Estuve en Venezuela en el año 2007, días antes del referéndum constitucional que Hugo Chávez perdió por pocos votos. Toda Caracas estaba pintada de rojo, y con afiches y fotos de Hugo Chávez, Fidel y el Che, como si fueran los tres padres de la patria. Yo, que había sudado la fiebre de la utopía comunista, aquella experiencia, a mí, me llenó de horror. Una anciana de origen español, al verme, me preguntó: “Mi hijo, ¿de dónde eres?”. Le dije: dominicano. A lo que me respondió: “Mi hijo, en más de cincuenta años que tengo viviendo en este país, esta ha sido la peor desgracia que le ha caído a este pueblo”. Sus respuestas, tan hondas, sentidas y dolidas, me calaron hasta los huesos, y continúan resonando en mi memoria. Nunca las olvidaré. Sus palabras fueron para mí una radiografía  y un retrato de lo que vendría, y en lo que derivaría ese nefasto régimen. Aquella frase tan sabia de esa anciana no podía engañarme. Esa señora no estaba errada. Su voz fue la voz de la experiencia. Me dio una lección de política, de moral y de civismo. Fue premonitoria. Supongo que se habrá muerto sin ver la luz al final del túnel. Aún resuena en mis oídos esa palabra: desgracia.

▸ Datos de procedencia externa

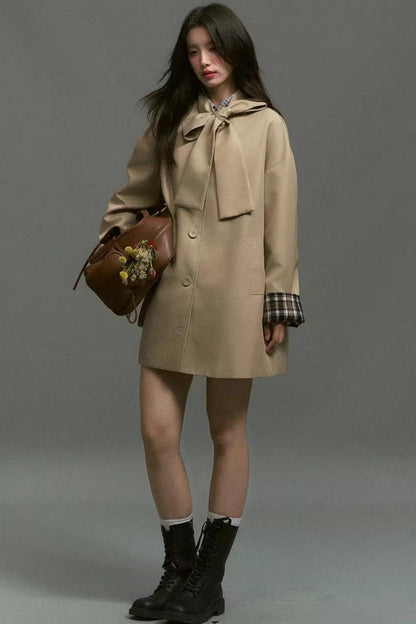 Vintage Bow Plaid Trench Coat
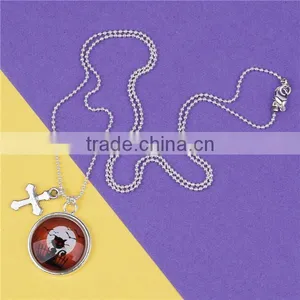 Fashion Jewelry Silver Plated Cross Cat Copper Halloween Necklace thumbnail-3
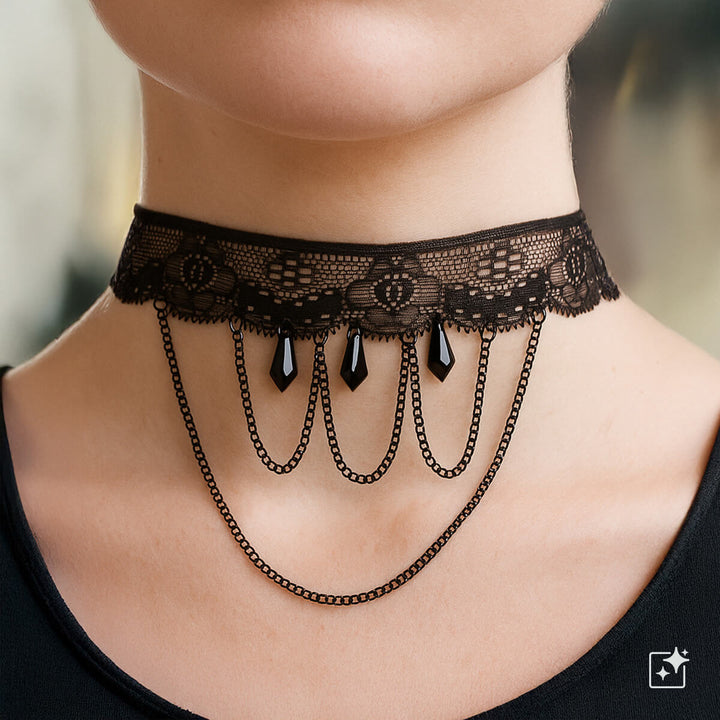 Embellished chain lace choker necklace
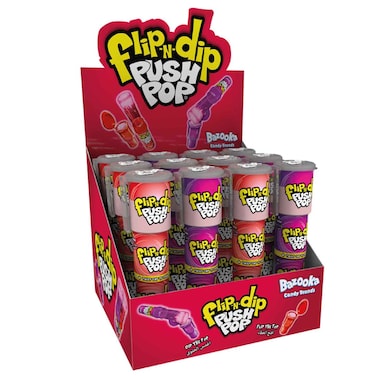 Bazooka Flip N Dip Push Pop Strawberry and Blackcurrant Candy, 25g, Pack of 12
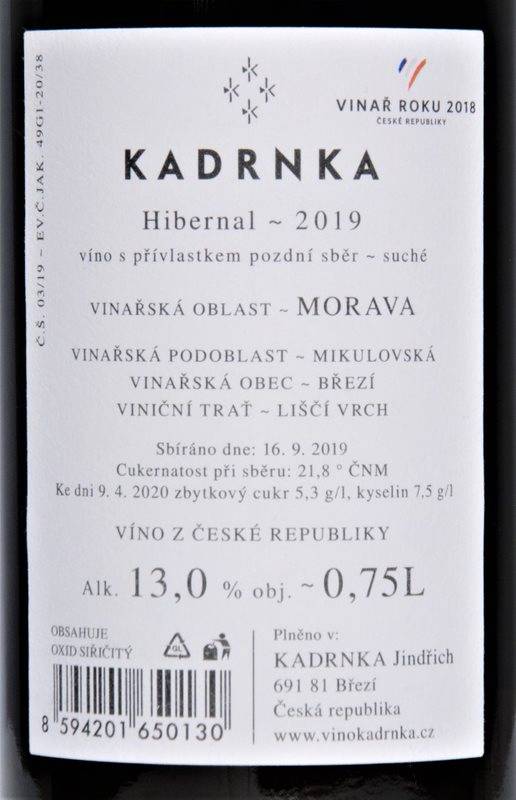 Etiketa K3 Hibernal Liščí vrch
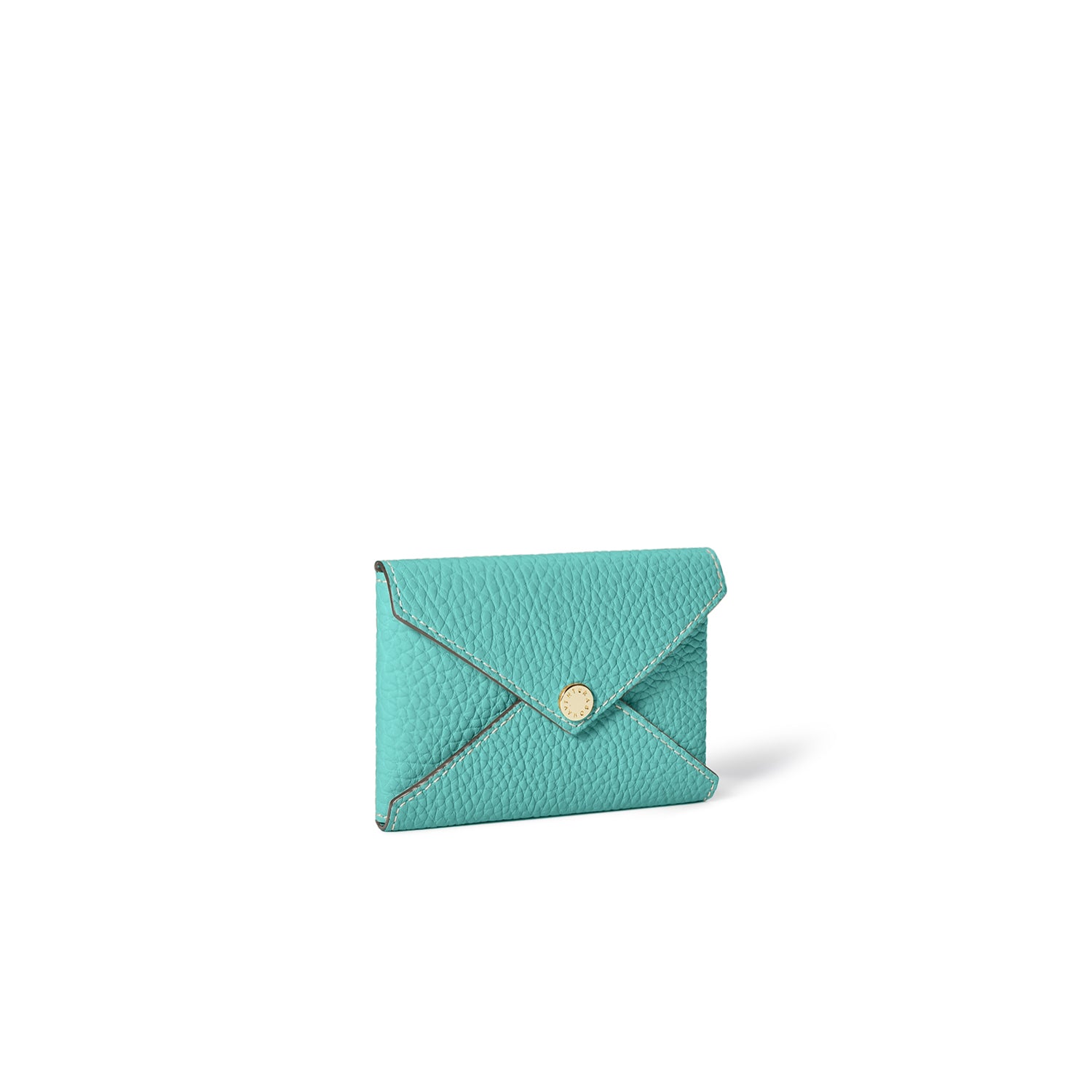 Envelope Card Case Shrink Leather (Atoll Blue (Etoupe edge paint))
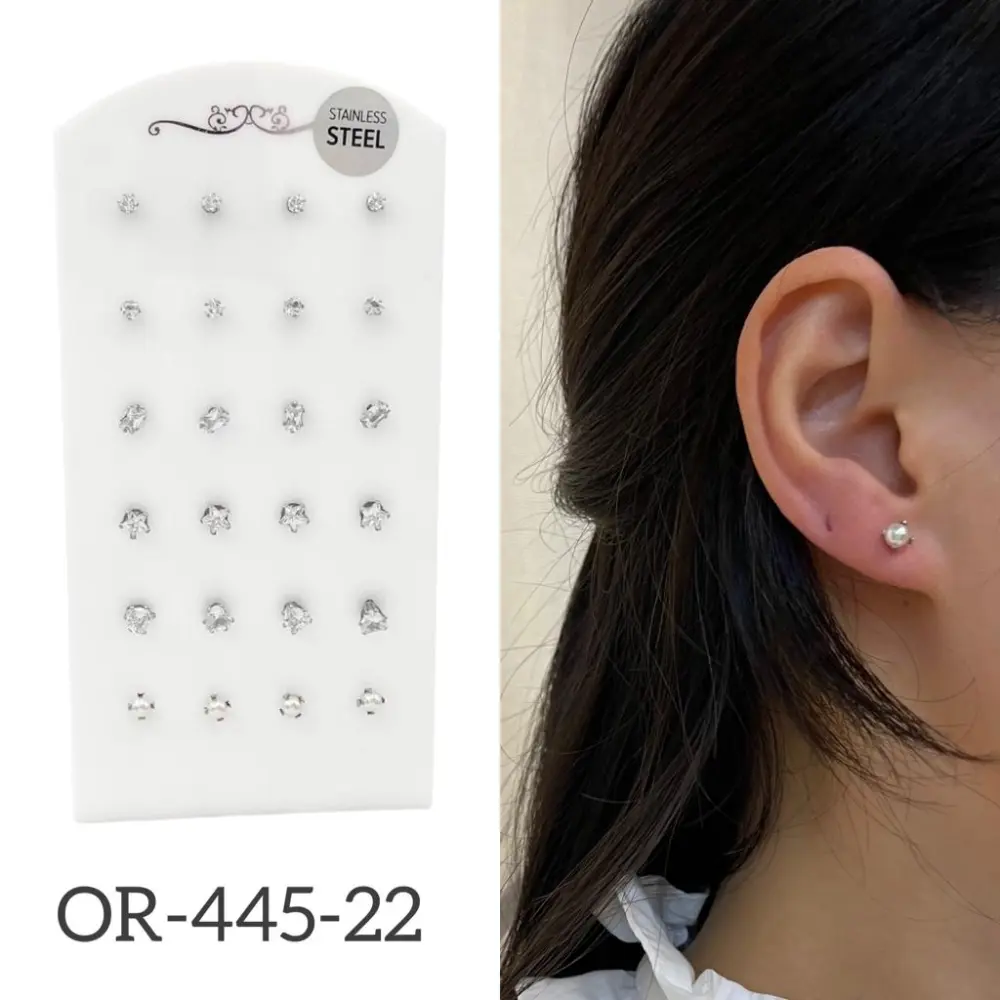 [OPA-445-22S] Misto con Zirconia-12 Paia Orecchini in Acciaio - OPA-445-22S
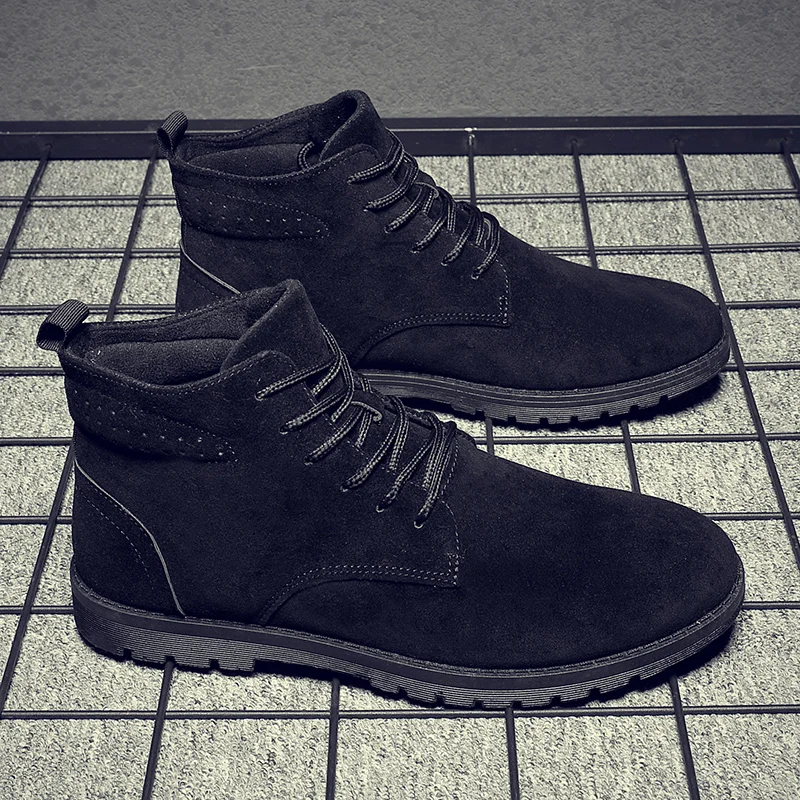 New Men Fashion Lace-up Ankle Boots High Quality British Boot Autumn Winter Male Botas Waterproof Outdoor Shoes Size 44 |
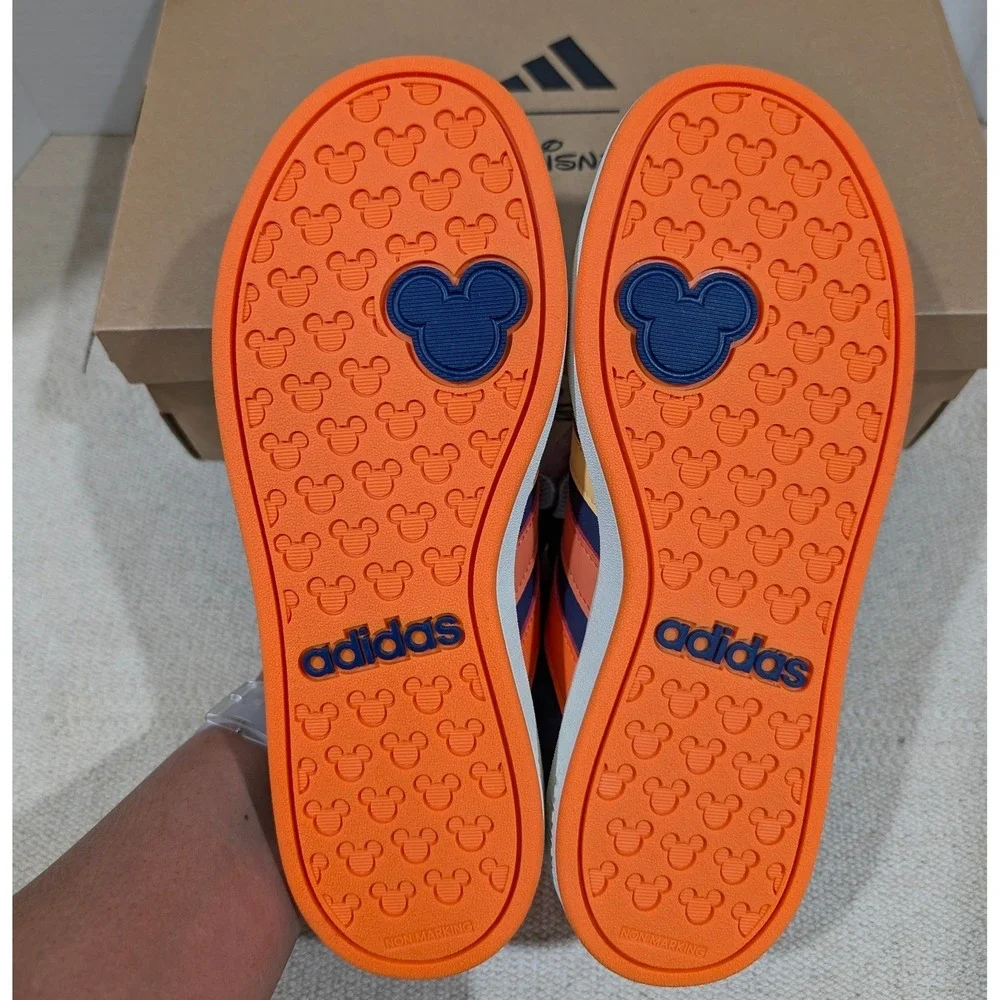 Adidas Disney Grand Court Mickey EL K Navy Orange Sneakers JS2345 Kids Size 5
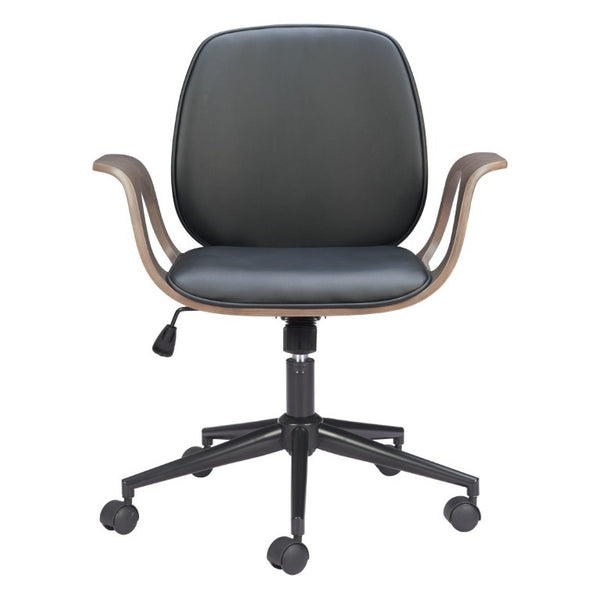 HomeRoots Ergonomic Rolling Desk Chair with Adjustable Seat Height for Modern Home Office Comfort Black Manufactured Wood / Steel 27" W x 35" H x 27" D 572160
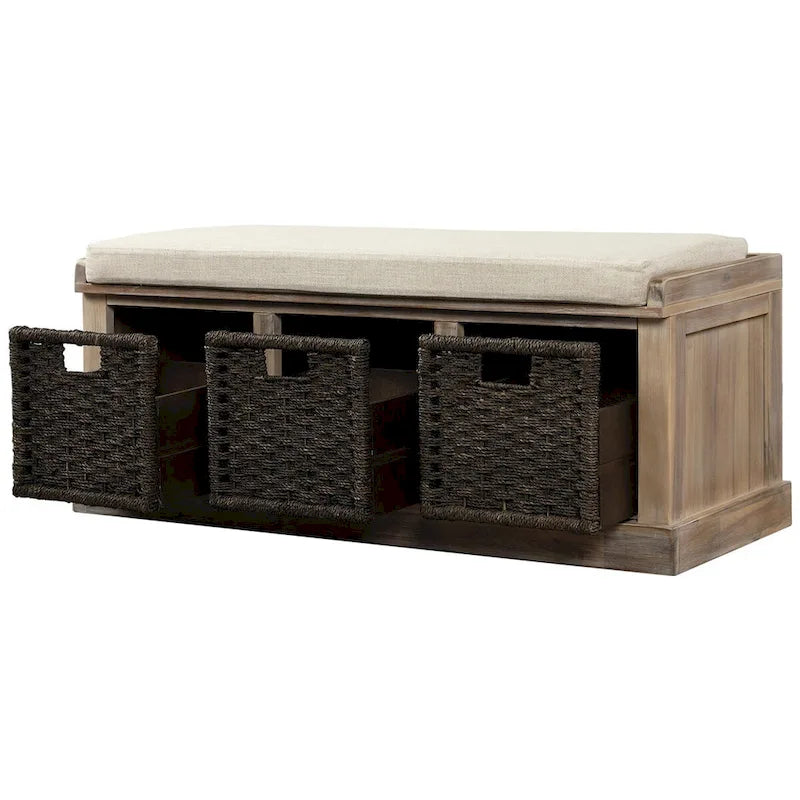 Banc de rangement rustique 1 place avec 3 paniers et coussin, blanc délavé / blanc / expresso / bleu marine antique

Los pueblos no descansan. América Latina, como África,  ha tenido un destino trágico. De paz poco duradera, lo cual ha impedido su desarrollo institucional y su progreso material, frente a su riqueza cultural y artística. Posee un enorme potencial identitario, un variado mestizaje étnico- cultural y maravillosas riquezas naturales. Es un continente que ha tenido luchas tenaces, encarnizadas y sangrientas, en la defensa de su identidad, su independencia, su soberanía, su autodeterminación, su territorio y su memoria histórica. Durante la colonización y la conquista del Nuevo Mundo, contra los conquistadores y colonizadores, en sus luchas independentistas o descolonizadoras, América Latina ha sabido sobrevivir, sobreponerse y salir hacia adelante. Ha sufrido saqueos de piratas, invasiones y embates de la naturaleza. Durante casi todo el siglo XX, padeció el cáncer de las dictaduras militares y los golpes de Estado, que derivaron en exilios, auto-exilios, deportaciones, asesinatos, crímenes, injusticias sociales, desigualdades,  violaciones a los derechos humanos y a las libertades individuales, persecuciones, apresamientos, torturas, abusos de poder y cercenamiento de las libertades.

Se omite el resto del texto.